Populating and Indexing a Collection


After creating a Verity collection, you need to populate it with indexed data. You can use either ColdFusion Administrator or the <CFINDEX> tag to populate the collection.

Indexing Using ColdFusion Administrator

Follow these steps to use ColdFusion Administrator to create indexed data:

  1. Open the ColdFusion Administrator Verity Collections page.

  2. Select the collection to be populated and click Index.

  3. Enter the list of file extensions for the Verity engine to index.

  4. Enter the directory path to be used for indexing.

  5. Select the Recursive indexing option if directories below the parent directory are to be indexed. The default is the parent directory only.

  6. Add a URL to be appended to the beginning of all the files indexed.

  7. Specify an alternative language, if desired.

  8. Click Update.

Indexing Using the <CFINDEX> Tag

You can use the <CFINDEX> tag to index files programmatically. This provides better control over the Verity collections. The following is the syntax for <CFINDEX>:

 <CFINDEX ACTION="Action"COLLECTION="collection_name" KEY="ID" TITLE="title" TYPE="type" QUERY="query_name" BODY="body" CUSTOM1="custom_value" CUSTOM2="custom_value" LANGUAGE="language"> 

Here are the attributes of <CFINDEX>:

  • ACTION. Specifies the action to be performed: Update, Delete, Purge, or Refresh.
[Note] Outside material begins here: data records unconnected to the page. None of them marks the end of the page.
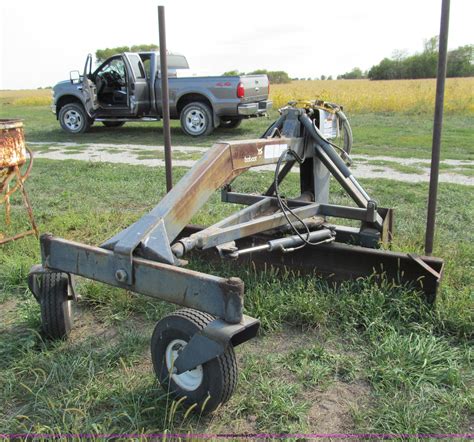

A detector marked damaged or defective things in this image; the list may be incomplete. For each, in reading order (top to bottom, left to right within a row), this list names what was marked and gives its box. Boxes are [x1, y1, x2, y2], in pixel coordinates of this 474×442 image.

rusty metal barrel [0, 120, 26, 180]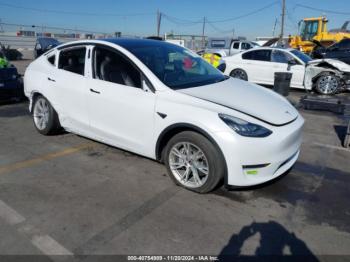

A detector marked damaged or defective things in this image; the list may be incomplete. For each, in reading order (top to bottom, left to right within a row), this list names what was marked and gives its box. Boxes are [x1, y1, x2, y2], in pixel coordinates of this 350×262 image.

damaged car in background [224, 47, 350, 95]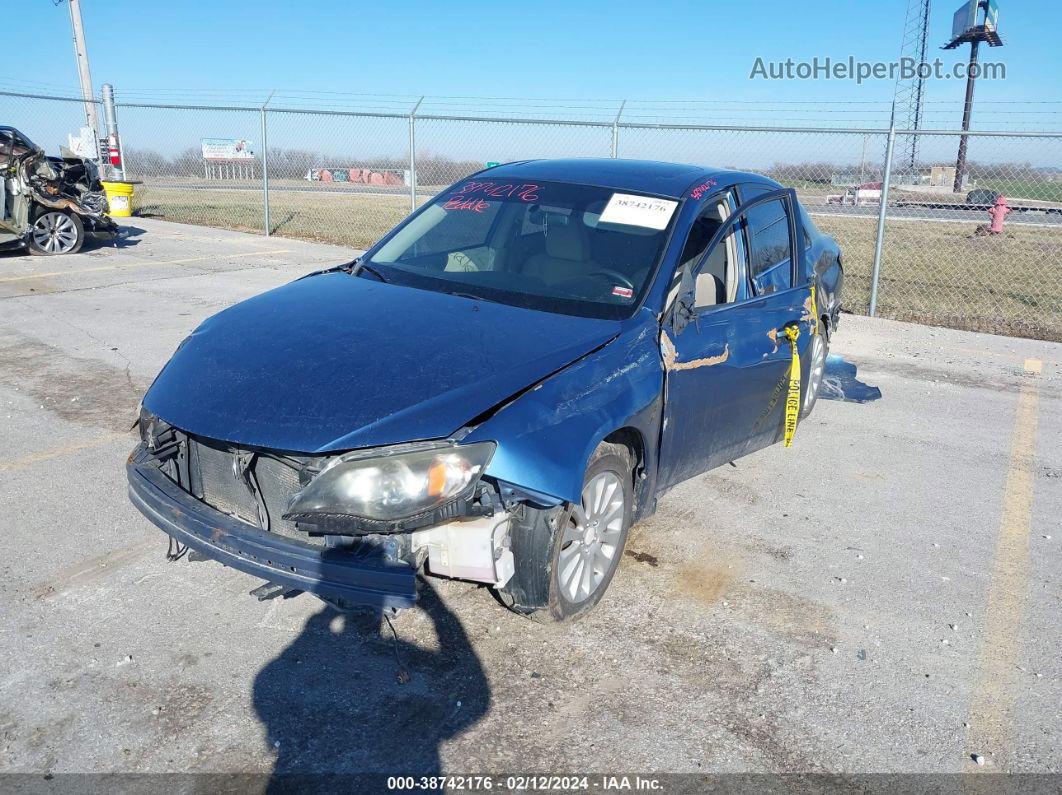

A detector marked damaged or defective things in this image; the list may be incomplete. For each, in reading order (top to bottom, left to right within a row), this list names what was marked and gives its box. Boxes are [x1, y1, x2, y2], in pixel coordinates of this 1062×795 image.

wrecked vehicle [0, 125, 120, 255]
crushed hood [143, 270, 624, 450]
wrecked vehicle [127, 160, 840, 620]
damaged blue sedan [127, 160, 840, 620]
crumpled front bumper [127, 442, 418, 608]
broken headlight [284, 438, 496, 524]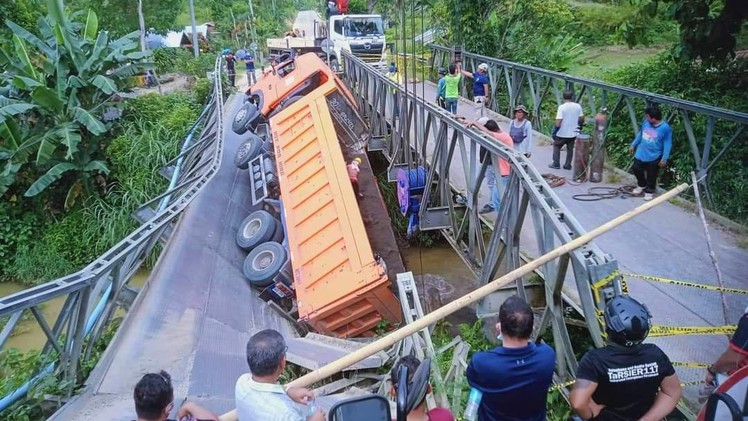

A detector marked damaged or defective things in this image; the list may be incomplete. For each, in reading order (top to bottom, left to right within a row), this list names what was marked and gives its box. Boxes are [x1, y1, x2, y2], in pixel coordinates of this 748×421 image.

overturned truck [231, 52, 404, 336]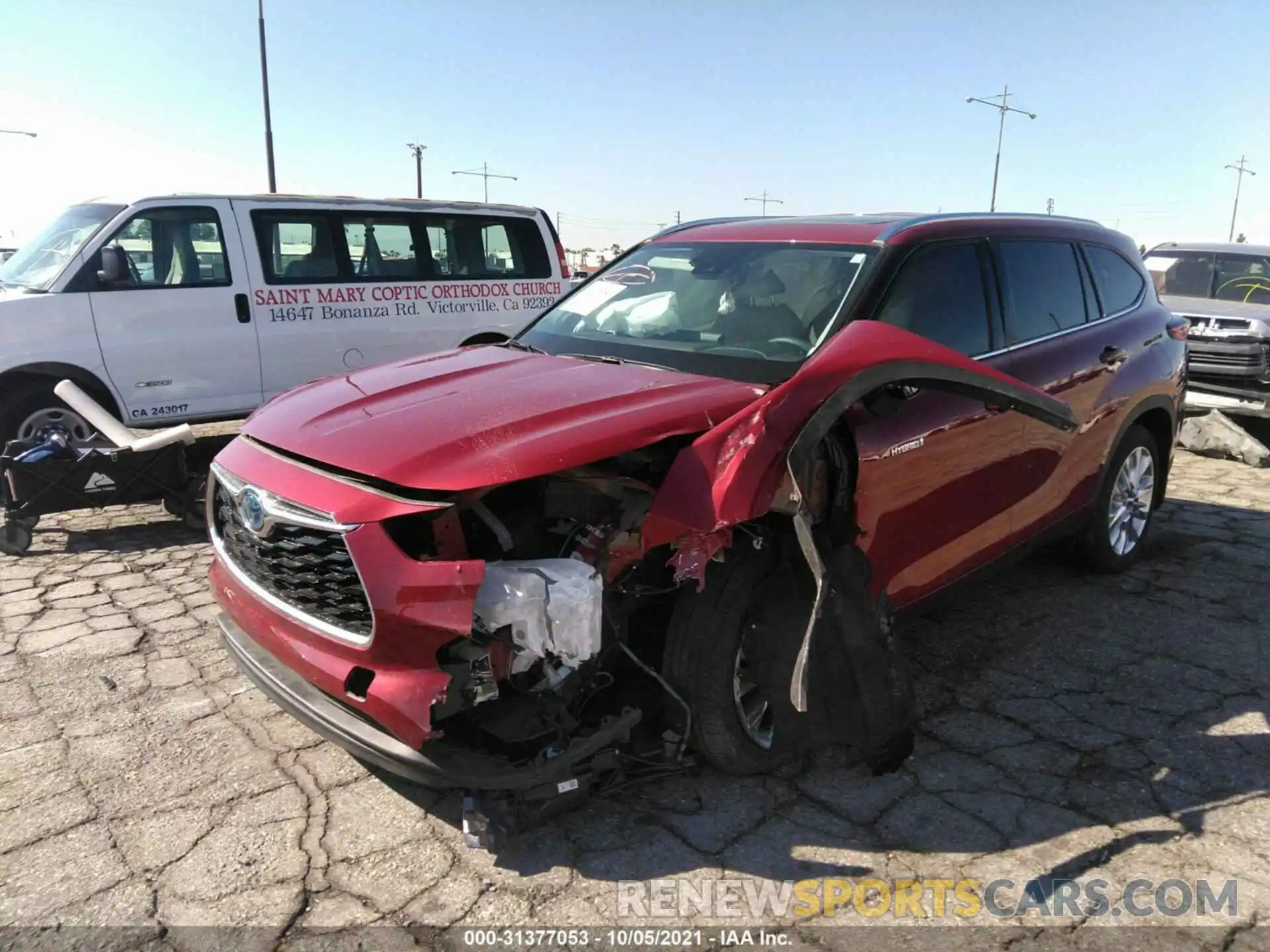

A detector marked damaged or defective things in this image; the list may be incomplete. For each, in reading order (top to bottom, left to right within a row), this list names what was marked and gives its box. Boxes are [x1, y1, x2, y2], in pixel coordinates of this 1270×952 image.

exposed tire [0, 378, 98, 446]
crumpled hood [242, 348, 767, 492]
damaged red suv [208, 208, 1189, 827]
exposed tire [1077, 424, 1158, 573]
cracked asphalt [0, 442, 1265, 952]
exposed tire [665, 538, 802, 777]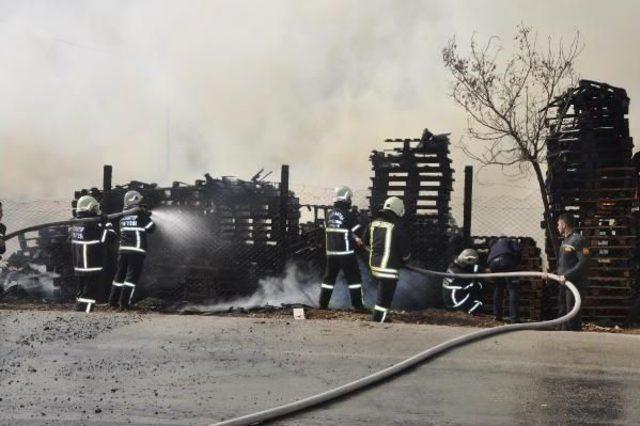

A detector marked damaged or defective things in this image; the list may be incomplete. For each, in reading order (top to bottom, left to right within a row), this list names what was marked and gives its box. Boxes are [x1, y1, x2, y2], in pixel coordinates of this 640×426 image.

charred pallet stack [71, 166, 302, 302]
charred pallet stack [370, 128, 456, 272]
charred pallet stack [472, 236, 544, 320]
charred pallet stack [544, 80, 636, 322]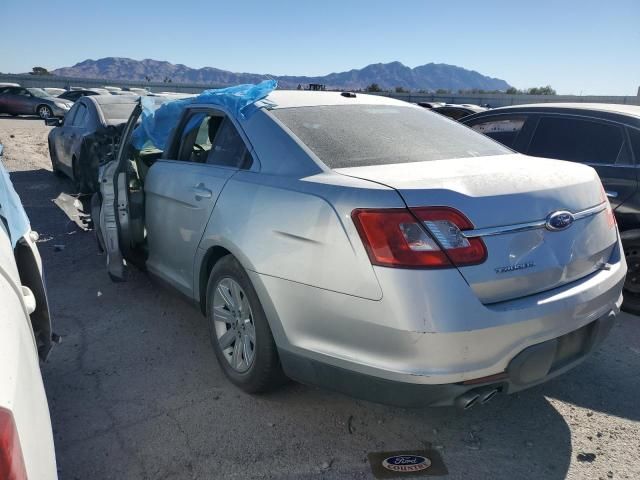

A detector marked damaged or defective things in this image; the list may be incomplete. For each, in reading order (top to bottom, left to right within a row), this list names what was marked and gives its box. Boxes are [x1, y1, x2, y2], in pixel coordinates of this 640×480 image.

  • COLLECTION. Specifies the name of the collection that was created using the <CFCOLLECTION> tag.

  • KEY. Specifies the unique identifier or primary key in a table.

  • TITLE. Specifies either the query name or a column in the table to be used as the title of the document. This is a required attribute when you index a database.

  • TYPE. Specifies the type of index being created. File, Path, and Custom are the three types of indexes available. The default attribute is Custom.

  • QUERY. Specifies the name of the query being used for the index/collection creation.

  • BODY. Creates the body of the document that Verity uses for searching. You can include any number of fields, using commas to delimit them.

  • CUSTOM1 and CUSTOM2. Serve as the optional attributes that associate information with each record returned by the search.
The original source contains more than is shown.